▶

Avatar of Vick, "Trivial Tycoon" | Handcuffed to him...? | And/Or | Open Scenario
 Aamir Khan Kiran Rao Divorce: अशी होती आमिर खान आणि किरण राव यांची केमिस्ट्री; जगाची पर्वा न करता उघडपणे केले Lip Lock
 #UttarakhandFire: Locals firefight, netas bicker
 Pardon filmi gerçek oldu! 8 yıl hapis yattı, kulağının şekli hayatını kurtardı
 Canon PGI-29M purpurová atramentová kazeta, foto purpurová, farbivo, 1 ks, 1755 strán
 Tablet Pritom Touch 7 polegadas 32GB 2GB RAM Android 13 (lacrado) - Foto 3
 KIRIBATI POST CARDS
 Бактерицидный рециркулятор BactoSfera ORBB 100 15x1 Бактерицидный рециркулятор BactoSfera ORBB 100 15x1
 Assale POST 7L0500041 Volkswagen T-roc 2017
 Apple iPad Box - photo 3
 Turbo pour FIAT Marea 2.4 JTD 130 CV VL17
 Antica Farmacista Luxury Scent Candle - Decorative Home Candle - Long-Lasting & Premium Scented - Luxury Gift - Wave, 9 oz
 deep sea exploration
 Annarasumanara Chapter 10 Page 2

◀

__EXERCISE REQUIREMENTS__: Where a line of the data holds "POST", show that line.

__RESPONSE TO THE EXERCISE__:
 KIRIBATI POST CARDS
 Assale POST 7L0500041 Volkswagen T-roc 2017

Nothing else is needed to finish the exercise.